The United States and China are accusing each other of ‘bullying’ in the South China Sea. The epithet is being thrown around rather loosely. But there is some truth to these mutual accusations.
Bullying is the practice of influencing another party to do something it does not want to do by using threats or actual force. Synonyms include coercion and intimidation. All states have a legal duty to ‘refrain in their international relations from military, political, economic or any other form of coercion aimed against the political independence or territorial integrity of any State’. Coercion rising to a threat to use force against the territorial or peace and security of any state would be a direct violation of the UN Charter.
On 21 July 2019, the US State Department released a statement accusing China of bullying some Southeast Asian countries and threatening regional energy security by blocking their access to ‘unexploited hydrocarbon resources’. China has also been undertaking marine scientific research in Vietnam’s legitimate Exclusive Economic Zone (EEZ) in spite of Vietnam’s protests.
According to US State Department spokesperson Morgan Ortagus, the actions of the survey vessel are ‘an escalation by Beijing in its efforts to intimidate other claimants out of developing resources in the South China Sea’. Having coast guard and purported ‘maritime militia’ vessels accompany the government research ship gives the impression that China is using threats of use of force to back up its illegal incursion.
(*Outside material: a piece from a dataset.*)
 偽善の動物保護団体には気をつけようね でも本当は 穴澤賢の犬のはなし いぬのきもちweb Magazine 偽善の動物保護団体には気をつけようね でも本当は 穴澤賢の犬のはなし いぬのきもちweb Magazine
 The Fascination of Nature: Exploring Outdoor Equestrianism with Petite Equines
Australia’s Prime Minister Scott Morrison joined the chorus, urging China’s neighbours to resist ‘coercion’.
China has a history of intimidating both states and their contracted international oil companies to cease operations in areas that fall within its discredited nine-dash line. Both Vietnam and the Philippines have accused China of interfering with petroleum exploration in their EEZs.
These incidents are also being considered in the context of China’s other recent aggressive behaviour — like its seizure of Scarborough Shoal and its massing of fishing boats near contested features occupied by the Philippines.
If there were any doubt that China has threatened to use force in its maritime disputes, in May 2017 President Rodrigo Duterte of the Philippines claimed that China had threatened war if the Philippines tried to implement its arbitration victory against China by drilling for oil in areas claimed by China.
It would appear that China has engaged in bullying. What about the United States?
On 29 August, after the most recent US freedom of navigation operation (FONOP), China accused the United States of bullying and ‘asserting maritime hegemony’. US FONOPs challenge China’s territorial and jurisdictional claims with warships and war planes — they are often referred to by critics as ‘gunboat diplomacy’. Given that US FONOPs have been directed against the claims of almost all South China Sea coastal countries, this perception is not confined to China.
In March 2018, the USS Carl Vinson strike force was deployed to the South China Sea. Its mission included demonstration of ‘freedom of navigation’ presumably in the face of perceived threats. In other words, one intention was to convince China not to interfere with the free navigation of warships and to rescind Chinese claims that the United States considers inconsistent with the UN Convention on the Law of the Sea (UNCLOS).
Was this deployment of one of the most powerful symbols of US military power with the intent of making China change its policy an example of a threat that violates the UN Charter? It is hard to know definitively — the United States has not ratified UNCLOS and cannot be brought before or avail itself of its dispute settlement mechanisms. That may be one reason why it uses gunboat diplomacy instead.
No country should acquiesce to jurisdictional claims that it considers disadvantageous or illegal. But non-acquiescence can effectively be demonstrated by written statements and diplomatic communication instead of gunboats. The diplomatic option seems to be sufficient for other nations, including maritime powers whose rights the United States claims to be protecting.
So both China and the United States are bullying smaller Southeast Asian countries. The United States is also bullying China — at least in China’s eyes. This spate of bullying is part and parcel of the US–China struggle for military, economic and political dominance in the region. But as Singapore’s Defence Minister Ng Eng Hen observes, ‘the challenge for the United States and China is to offer acceptance of their dominance beyond military might. If their policies are lopsided against other countries’ interests, these countries will seek other partners’. Malaysia, Indonesia and the Philippines have also expressed concern with US projection of power and other unwelcome actions in the region.
Yet bullying is part of the history of international relations.
As Thucydides supposedly put it, ‘the strong do what they can; the weak suffer what they must’. Bullying begets bullying and it will continue despite international law and pontifications and promises to the contrary. Meanwhile, for China and the United States it seems wise to heed the advice that ‘those who live in glass houses should not throw stones’.